When there are security concerns, my end users reach out to me or my team directly to ask questions through a dedicated chat facility. You're supporting your end users' personal lives as well as they're using Zoom to call family and there's been a rise in other online scams too.
There really is no difference at this point in time between personal and professional lives when it comes to the current security climate. Two months ago, the end user engagement was around one or two queries a day, and since we have been working remotely it has gone up exponentially, with people being far more aware of the security challenges that are out there for them.
As a result, the team has been engaging on activities to help end users in their personal lives. For example, it has a Friday session where the team will introduce them to a topic - such as background information on different types of hackers.

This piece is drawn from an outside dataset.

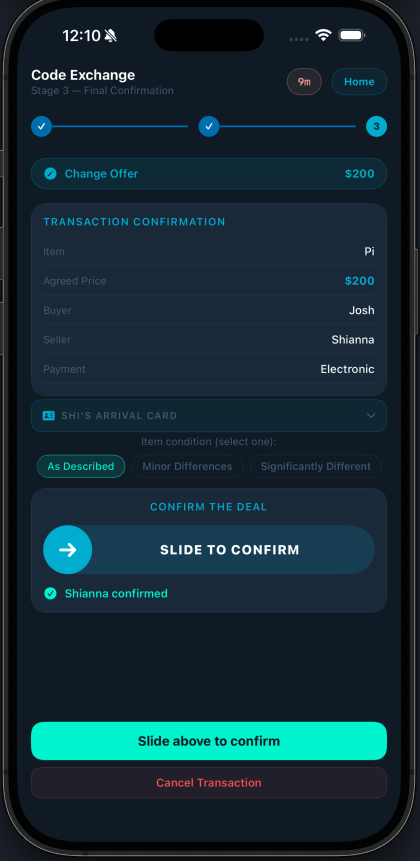 Slide-to-confirm meetup screen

To help to keep users alert to the threats they're facing, Rabe's team decided to release cyber awareness videos on a weekly, rather than monthly basis, when lockdown went into effect.
The challenge is around keeping the noise from our end user population down from a concern standpoint but also ensuring they're still proactively engaged with our ongoing security awareness programme.
Not spending for the sake of it
While CISOs often have to exploit certain situations such as GDPR in order to get much-needed budget increases, Rabe says that this kind of tactic does not sit well with her, especially at an organisation that already has a good foundation of technology in place.
I'm not changing my requirements because I don't need to - I have what I need for now, and I won't purchase until I need to.
Rabe says before purchasing further technology, she works to ensure that existing tools are being used to their full capabilities, and that partners' capabilities are also being leveraged as much as possible. In her experience, if the issue remains after taking these actions, then she would go to the CIO and the board to ask for the money to invest in a new product or service. By taking this approach, Rabe believes that the CIO-CSO dynamic becomes one based on trust, as the CIO will take the request more seriously.
A change in mindset
Previously Rabe wanted the mindset of her leadership teams to be that they would not hear from her or her team because they would be doing their jobs well, and keeping things secure. However, she says that the current climate has meant this should be reconsidered.
Now, everybody understands because of the amount of media, security in general is under the microscope and under a lot of pressure. So provision of basic metrics around things like how many phishing attacks have been attempted and how many of users have been impacted can provide reassurance.
This means even if they don't hear from me, they can see what we're dealing with in the background - that gives them that reassurance and keeps the nervousness down, and helps them to understand that lack of engagement is not because If the CISO and security team are keeping everything operating. The team may be invisible but they are still effective.